Elisabeth Schuen: „Or Brüm“ ist ganz dem blauen Gold gewidmet, dem Wasser. Nachdem wir uns von den Dolomitensagen haben inspirieren lassen, war das als Wasserfrauen ein Thema, wo wir Vieles hineinprojizieren konnten. Unser Name Ganes beruht auf Wasser. Wasser ist ein faszinierendes Element, in all seinen verschiedenen Formen, Veränderbarkeit und Poesie. Natürlich interessiert uns Wasser auch als Zukunftsthema. Wie gehen wir mit den Ressourcen um, wem gehören sie, können sie überhaupt jemandem gehören, wie gehen wir mit dem Planeten um? Es geht um eine kleine Schildkröte, mit Plastik in ihrem Magen, um die Odyssee und darum, dass wir Teil des Ganzen sind und wenn wir das wiedererkennen, uns beschützt fühlen können. „Or Brüm“ ist das erste Album, das wir in Eigenregie produziert und aufgenommen haben. Wir suchen immer neue Herausforderungen und lernen ständig dazu. Die Songs klingen sehr unterschiedlich, von poppig, atmosphärisch bis zum Jodler.
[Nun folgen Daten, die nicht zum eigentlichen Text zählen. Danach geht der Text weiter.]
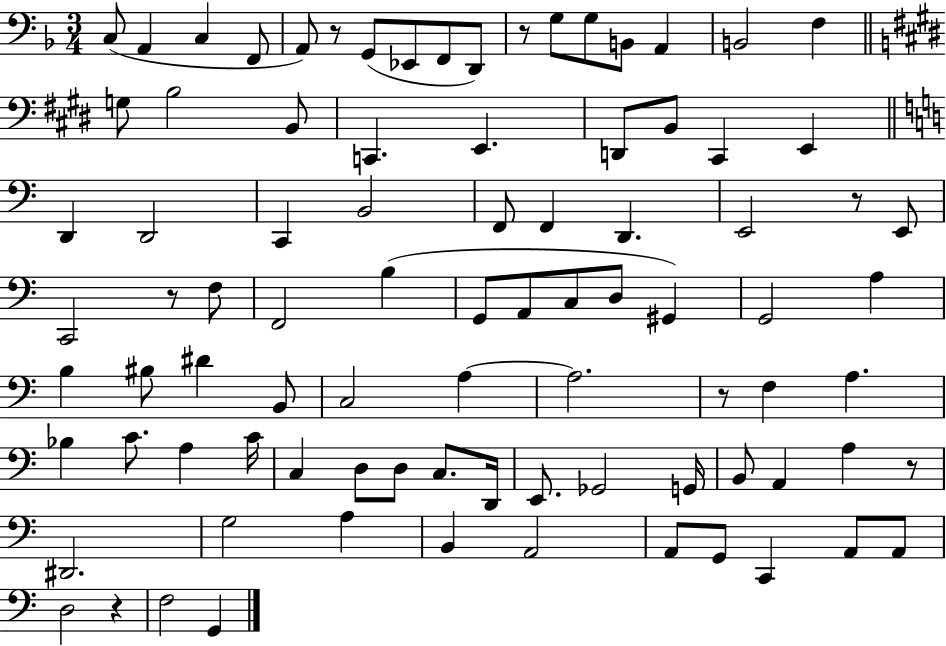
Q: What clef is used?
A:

An diesem Album orientiert sich auch das aktuelle Live-Programm der Ganes. Was erwartet die BesucherInnen bei eurem Auftritt im Kulturboden in Hallstadt am 10. November?
Elisabeth Schuen: Nach der langen Pause und in diesen Zeiten ist Musik besonders wichtig. Wir haben den Eindruck, dass das Publikum unsere Konzerte sehr schätzt. Uns macht es viel Freude und wir hoffen, dass trotz der schwierigen Zeiten viele zu uns hinfinden.